And yet- more word vomit. This is written as it spews from my brain and has no order. Apologies in advance. There is no cohesion.  It’s more like… a rant? No…… yep word vomit is appropriate. Again, apologies. Perhaps, you should not even read this.

You learn quickly that I am a spastic, ADHD, intellectual, and fueled-by-chaos kind of human if you spend more than half a second with me. My paranoia alarms go off with technology, but at the same time I love it. Isaac Asimov didn’t help things any. I have definitely seen and reaped the benefits of using a computer, Google, and the like. On the other hand, I also kind of feel like brain is mushier than it used to be. I also feel an overdependence on technology. It is also not lost on me how, for lack of a better word, pathetic it is that my roommates and I will sit in a room together with the television on and we will be on your phones talking to people outside of the room, playing Candy Crush, or just lingering on the Internet. Then again, my phone has saved me from forgetting numerous meetings, and it also serves as my archive for basically my life. It is almost like it is the physical form of Jonesy’s mental library from Stephen King’s “Dreamcatcher”. For those of you who do not know what I am talking about – Jonesy is a character from a sci-fi/horror novel where his friends and him each gained some sort of mental ability at a young age. Jonesy’s was the coolest. He could go into his brain as if it were a physical library. He could research, throw things away, move file boxes around, and all sorts of other nifty things.

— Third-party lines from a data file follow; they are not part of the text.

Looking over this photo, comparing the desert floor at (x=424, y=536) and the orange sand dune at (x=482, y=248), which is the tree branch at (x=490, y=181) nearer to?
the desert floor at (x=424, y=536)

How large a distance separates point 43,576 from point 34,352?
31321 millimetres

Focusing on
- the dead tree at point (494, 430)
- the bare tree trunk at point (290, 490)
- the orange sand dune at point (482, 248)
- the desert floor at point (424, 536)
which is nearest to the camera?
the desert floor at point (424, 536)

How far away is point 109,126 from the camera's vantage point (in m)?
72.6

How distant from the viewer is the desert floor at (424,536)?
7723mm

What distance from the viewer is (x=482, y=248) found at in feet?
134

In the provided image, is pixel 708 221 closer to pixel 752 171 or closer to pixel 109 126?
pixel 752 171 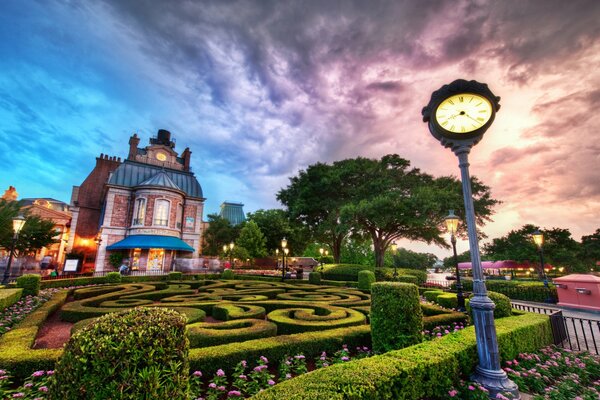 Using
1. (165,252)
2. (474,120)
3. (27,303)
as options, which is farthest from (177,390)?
(165,252)

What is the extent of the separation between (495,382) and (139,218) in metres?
30.9

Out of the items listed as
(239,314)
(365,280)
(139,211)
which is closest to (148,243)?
(139,211)

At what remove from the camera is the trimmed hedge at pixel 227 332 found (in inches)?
194

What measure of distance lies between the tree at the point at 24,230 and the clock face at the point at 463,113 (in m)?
24.4

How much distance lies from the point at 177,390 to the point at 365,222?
2329 centimetres

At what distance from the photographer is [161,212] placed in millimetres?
28203

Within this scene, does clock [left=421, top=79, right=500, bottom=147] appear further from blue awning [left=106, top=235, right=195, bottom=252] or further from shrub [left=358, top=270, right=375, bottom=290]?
blue awning [left=106, top=235, right=195, bottom=252]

Each of the readings come from a different perspective regarding humans’ cognitive abilities, how technology has come into play, and if it is a good thing that it has. I appreciate where some of the arguments are coming from. For example, one author says this is just another step in the line of development that impacts cognition just like when a writing system came into existence. That, in fact, all we need to do is find a way to manage it and utilize it effectively. Others fear technology is taking over our cognitive abilities making us zombies. Meanwhile, one argues that computers and humans must work as partners for a more optimal result. I am not sure what I cognitively deduce about this, but I know what I feel. I feel that technology has helped us, but I feel it has separated us.

In the “Smarter Than You Think” article, the author says we are more socially aware regarding civic issues in the world. This is true, but at the same time, I am not sure this is making people actually DO anything. They just see the video/read the article, say “wow this is wrong” and keep going on with their lives. In some circumstances, the trolls crawl out of their dark caves and they decide to post their input. The same author brings up the question of if we are losing our humanity due to our reliance on computers. I am wishy-washy with my answer on this. Yes, we are losing our humanity. One need only to look at one case of cyberbullying to see that truth. I think this constant use of technology and exposure to everything, and being always “on” has numbed us to so much. Then again, these articles are focused more on technology’s impact on cognition, not on our affective states so that argument is moot here. I think more so though, that we are losing our cognitive ability to think for ourselves. Yes, we can be “centaurs” and work in partnership with a computer to be more than we can be, but at the same time, we are losing that confidence in ourselves to think independently and form our own thoughts. Instead, we google, read our friends’ posts accepting them as fact, etc. I agree that technology has made it possible for us to think ON it, like writing on paper or the long division example. I definitely depend on that to exist basically. A lot of people seem to inherently trust what they read on the Internet, and that bothers me. Here is where people are more the problem. Then again, is Googling not another form of me looking an answer up in a book?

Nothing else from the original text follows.